Nice777guy - For the life of me I can't figure out WHY he is doing this. At first I want to think well maybe Im not good enough, pretty enough, etc but I refuse to make this about me. For the record though I am very petite, long blonde hair, dress nice, wear makeup yadda yadda yadda LOL It doesn't bother me that he watches it every now and then. It DOES bother me a little that he feels the need to go watch it a couple of hours after we just had sex. I understand men use this for release - fine by me, but he just had me a couple hours ago.

Artieb - On our date nite, I did just that! I told him I didn't care if he watched it, just dont hide it from me. And he even said if he sees anything interesting he will let me know. We both laughed.

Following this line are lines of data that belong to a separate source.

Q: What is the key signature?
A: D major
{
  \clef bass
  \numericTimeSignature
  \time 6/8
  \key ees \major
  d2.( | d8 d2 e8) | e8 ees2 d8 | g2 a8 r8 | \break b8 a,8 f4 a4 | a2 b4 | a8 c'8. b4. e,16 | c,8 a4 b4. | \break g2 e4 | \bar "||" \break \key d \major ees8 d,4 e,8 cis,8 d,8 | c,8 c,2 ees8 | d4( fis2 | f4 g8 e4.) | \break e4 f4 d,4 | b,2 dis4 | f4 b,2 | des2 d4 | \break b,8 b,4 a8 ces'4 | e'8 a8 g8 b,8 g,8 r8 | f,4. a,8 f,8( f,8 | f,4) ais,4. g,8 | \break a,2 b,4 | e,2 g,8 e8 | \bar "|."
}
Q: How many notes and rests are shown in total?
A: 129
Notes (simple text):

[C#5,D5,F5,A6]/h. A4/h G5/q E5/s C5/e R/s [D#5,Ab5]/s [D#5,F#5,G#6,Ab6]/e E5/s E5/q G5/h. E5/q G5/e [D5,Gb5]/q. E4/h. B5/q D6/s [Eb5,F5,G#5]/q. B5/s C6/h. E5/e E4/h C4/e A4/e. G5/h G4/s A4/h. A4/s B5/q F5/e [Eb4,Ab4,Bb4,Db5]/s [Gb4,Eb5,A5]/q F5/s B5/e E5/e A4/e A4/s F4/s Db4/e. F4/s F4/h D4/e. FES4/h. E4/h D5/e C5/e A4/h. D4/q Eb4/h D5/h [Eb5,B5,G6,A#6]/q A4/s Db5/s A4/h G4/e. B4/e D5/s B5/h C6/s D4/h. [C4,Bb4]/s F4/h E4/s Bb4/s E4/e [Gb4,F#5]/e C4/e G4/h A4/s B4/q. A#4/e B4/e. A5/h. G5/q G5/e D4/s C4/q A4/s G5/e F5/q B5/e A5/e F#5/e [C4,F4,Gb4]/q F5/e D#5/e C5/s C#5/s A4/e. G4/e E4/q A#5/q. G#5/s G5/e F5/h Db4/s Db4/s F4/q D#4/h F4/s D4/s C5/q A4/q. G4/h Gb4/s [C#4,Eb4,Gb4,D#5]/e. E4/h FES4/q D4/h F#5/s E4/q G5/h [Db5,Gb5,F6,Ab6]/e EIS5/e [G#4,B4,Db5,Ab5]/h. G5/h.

The lying is just beyond me. And the issue with the sex/dating/personals site is absolutely not ok with me. I guess I will just have to lay it on the line and let him know I what I know. It will be interesting how he justifies the sex site.


----------



## Atholk (Jul 25, 2009)

I have a hunch that this discussion would probably go best with him tied up and getting smacks on his bottom as you lay out what is acceptable to you and what isn't.

Just a hunch


----------



## Sunshine1997 (Jan 27, 2010)

> I have a hunch that this discussion would probably go best with him tied up and getting smacks on his bottom as you lay out what is acceptable to you and what isn't.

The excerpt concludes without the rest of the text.